* _EXERCISE REQUIREMENTS_: What you give back should be exactly the lines from the one with "育才独中《凝·彩》文美班毕业展 26学生走出教室展艺术作品" through the final line of the material, pictures removed; please add nothing.

* _INPUT DATA_:
╔══

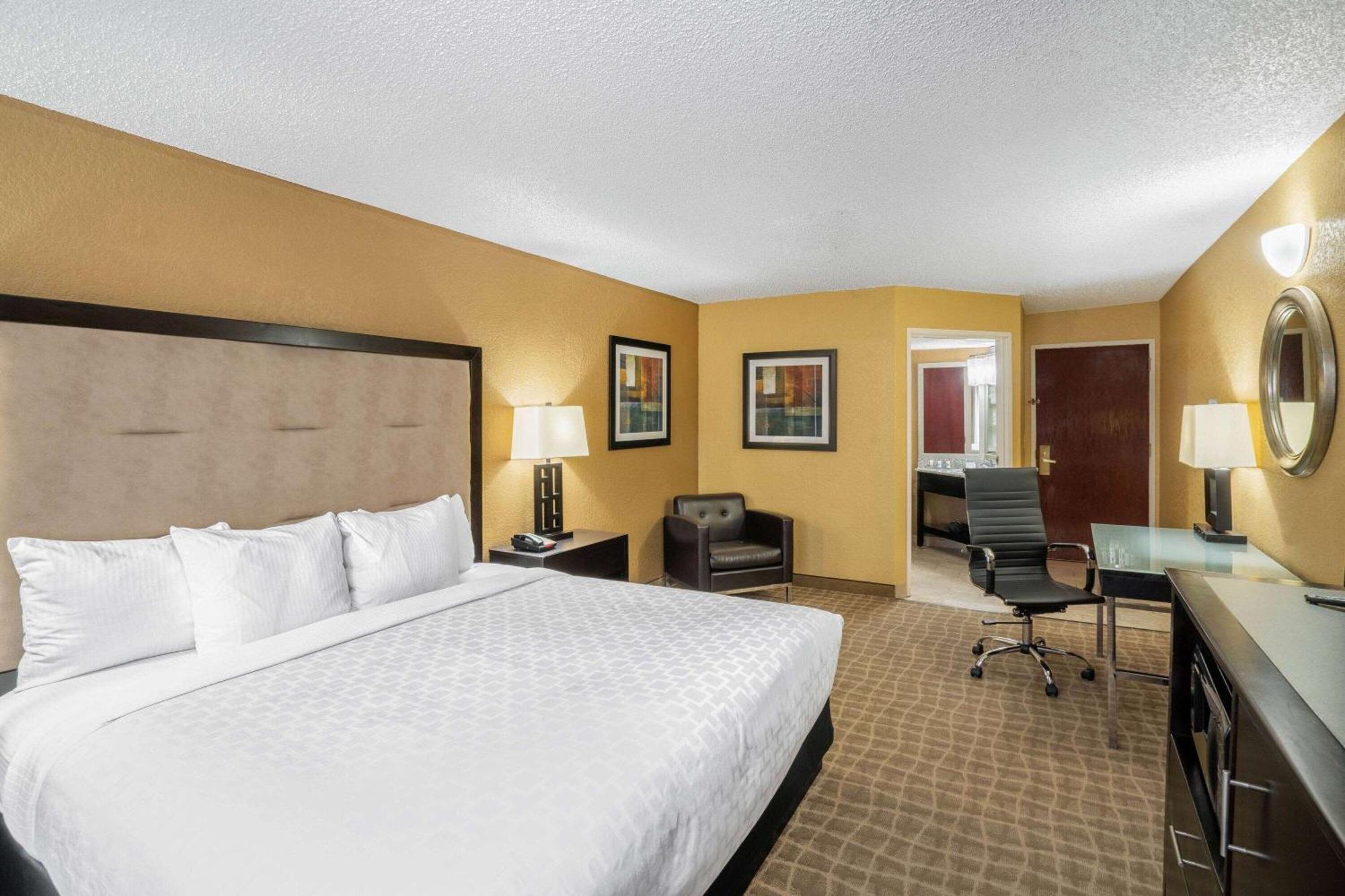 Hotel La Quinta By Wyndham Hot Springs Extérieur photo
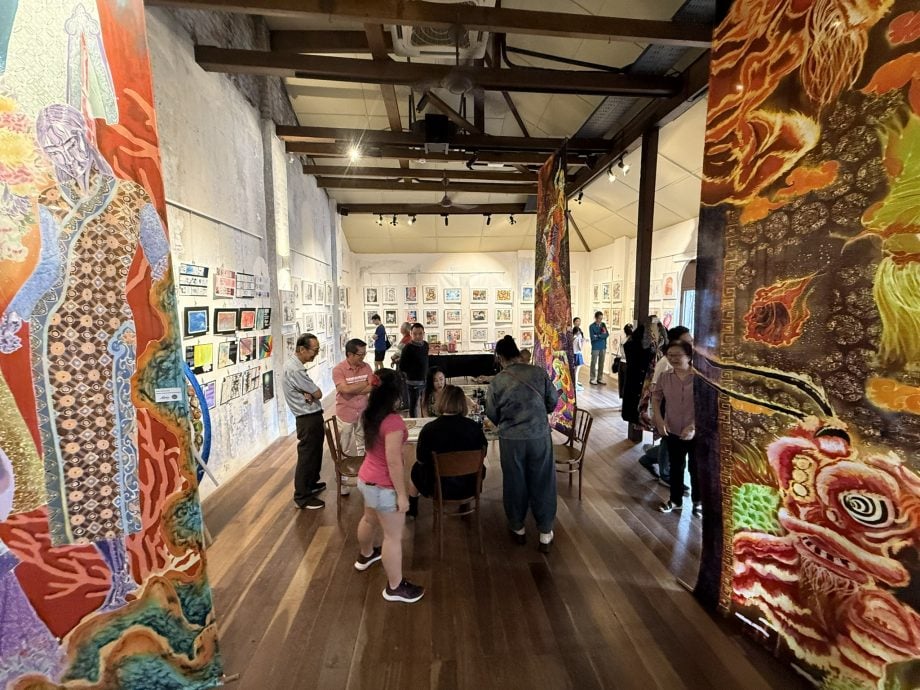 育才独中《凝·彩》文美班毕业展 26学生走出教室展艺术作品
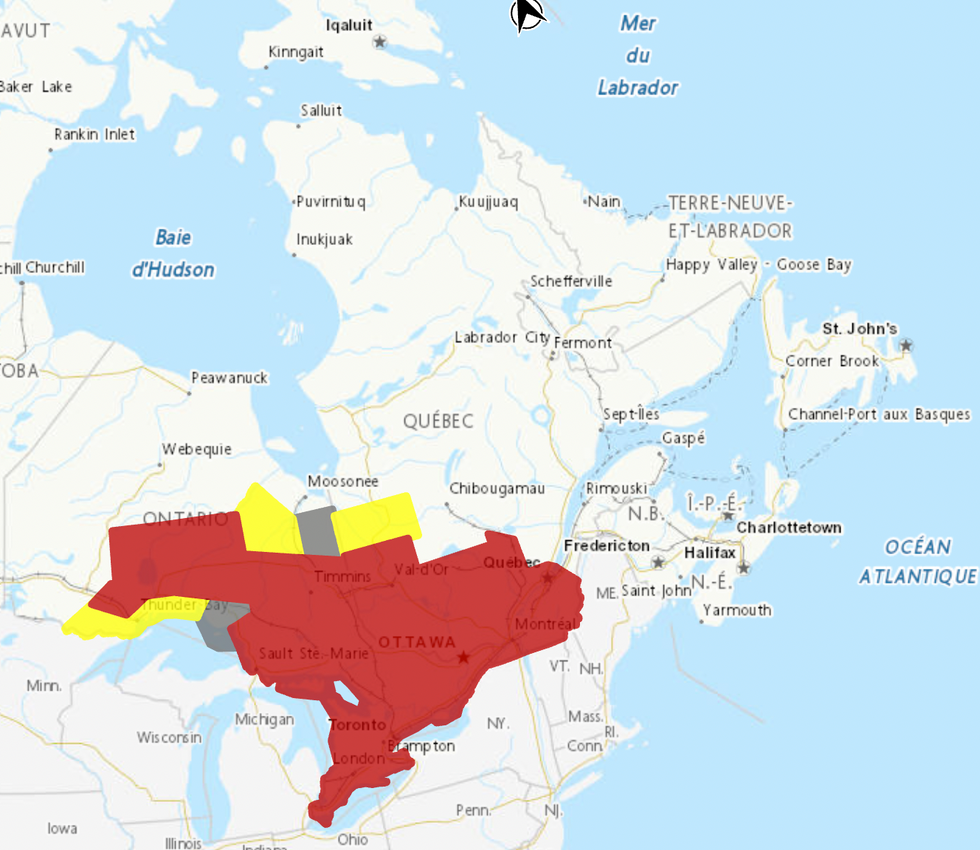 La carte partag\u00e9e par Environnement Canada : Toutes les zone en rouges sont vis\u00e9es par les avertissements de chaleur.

╚══

* _ANSWER TO THIS PROBLEM_:
 育才独中《凝·彩》文美班毕业展 26学生走出教室展艺术作品
 La carte partag\u00e9e par Environnement Canada : Toutes les zone en rouges sont vis\u00e9es par les avertissements de chaleur.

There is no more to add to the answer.